“Catcher in the Rye” is about 200 pages long and costs $8 on Amazon.com. On the back of the book are reviews of how it’s a “literary classic” and a “widely acclaimed novel.” Basically, it goes on and on saying how awesome the book is. Well, clearly it’s amazing enough to make literary snobs buy the book and force school kids to read it.
Holden Caulfield is 16 but acts like a 20-year-old, minus the school part. He talks about his lonely, life-changing 24-hour stay in New York City as he experiences the phoniness of the adult world. At the same time he attempts to deal with the death of his younger brother, an overwhelming compulsion to lie and troubling sexual experiences. He’s not that great of a student, basically, because he thinks too damn much. Yet, Holden’s thoughts make the reader realize that we, too, do just as much introspection on our beliefs and emotions. The only difference is that he goes crazy from it. His internal drama just goes on and on while you read and read until it’s simply finished.

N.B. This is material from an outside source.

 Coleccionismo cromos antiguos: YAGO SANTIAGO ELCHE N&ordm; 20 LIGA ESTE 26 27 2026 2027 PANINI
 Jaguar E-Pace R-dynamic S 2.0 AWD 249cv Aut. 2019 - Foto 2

It leaves you with the feeling that you have laughed and lived. Only, it sticks with you as old Holden keeps running around in your brain. And you keep living with the book. And you want to run around screaming, “’Catcher in the Rye’ is damn good.” Only if people haven’t read it, they won’t understand; they won’t believe you.
It’s hard to write a book review on “Catcher in the Rye” without having Holden roll his eyes at you, saying, “This is stupid” and “Don’t waste your time.” Salinger is there too, rolling his eyes and repeating the same sentiments. Only, he’s kind of a figment of your imagination too now, considering he died last year. You want to say that it’s a classic that will live on beyond its time, but nowadays, everyone says that about every novel.

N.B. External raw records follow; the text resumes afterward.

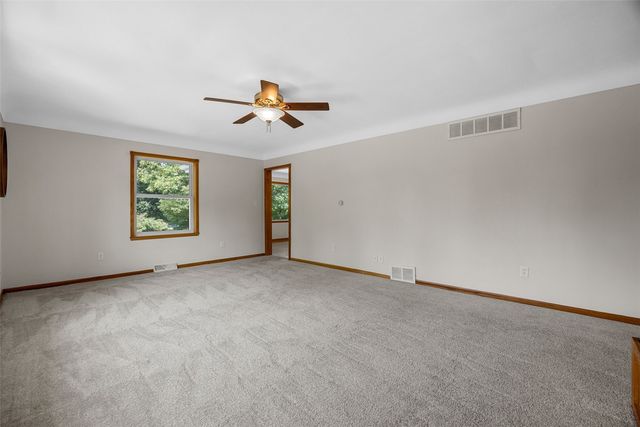 1416 Norwood Drive SE, Cedar Rapids, IA 52403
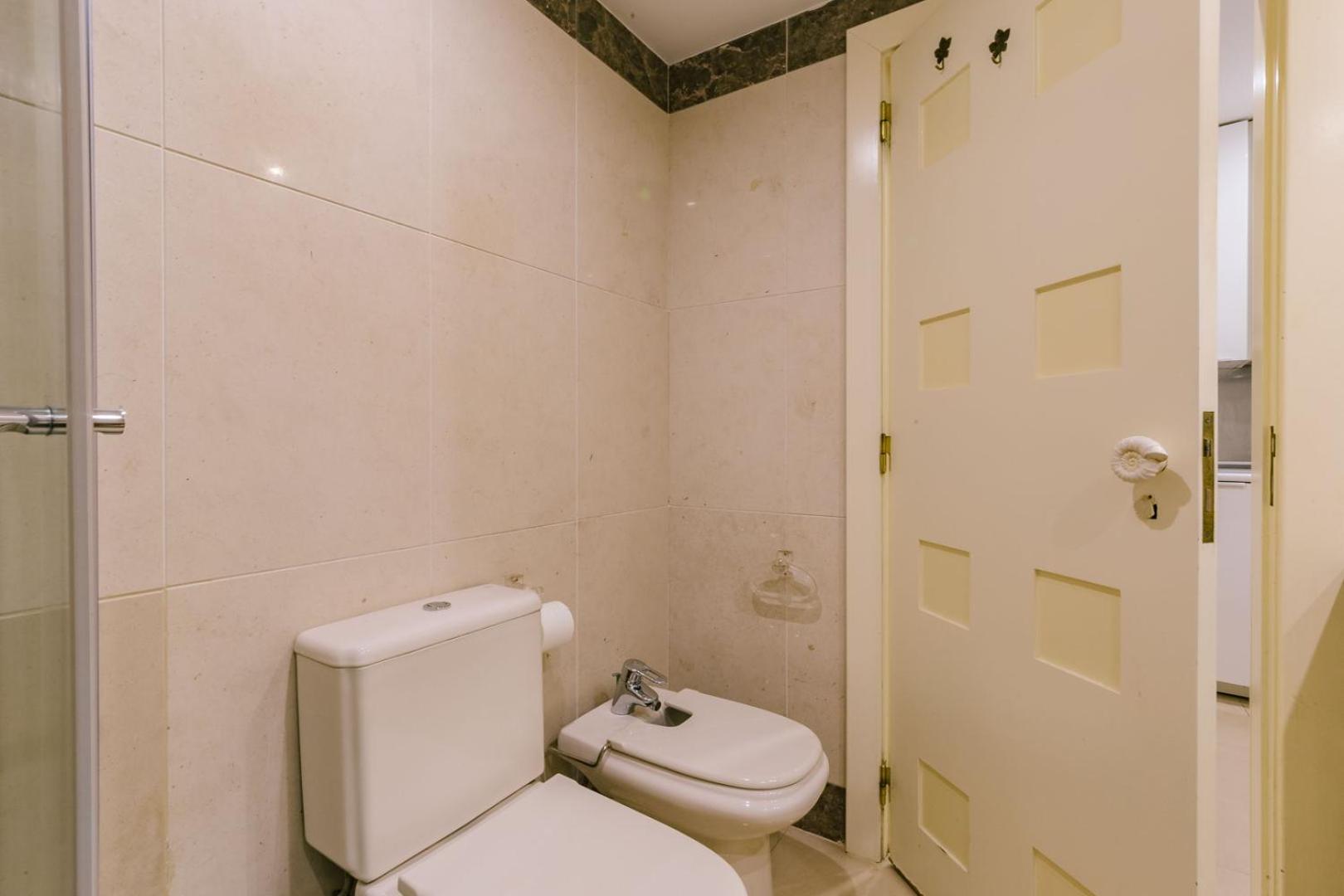 Rent4Rest Estoril Beachfront Apartments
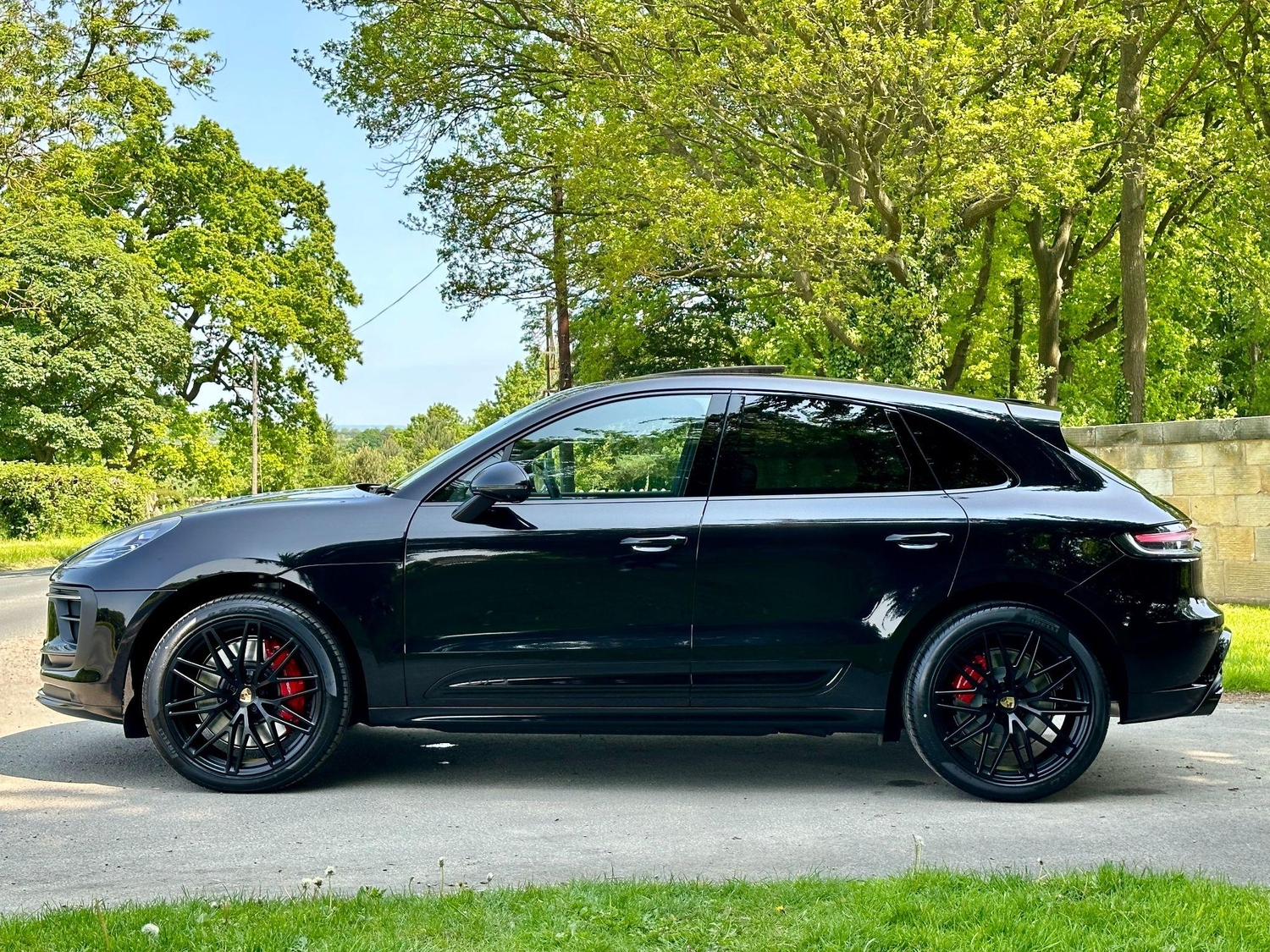 Porsche Macan 2026 - Cars in Leeds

That’s phony as hell. It makes you want to puke when you read the book. Holden Caulfield could tell you that. He’s the main character, the type that crawls around in your mind and won’t leave. He’s the one that makes you laugh out loud while you read, making you look stupid in the library or the bus. He’s the one that makes you sad, which, again, is stupid. It’s just a book: black text on white paper. Holden Caulfield isn’t real. I mean, he just can’t be. But still, he makes you laugh, depressed and think–about your life and how you’re living it, and that’s how crazy good this book is.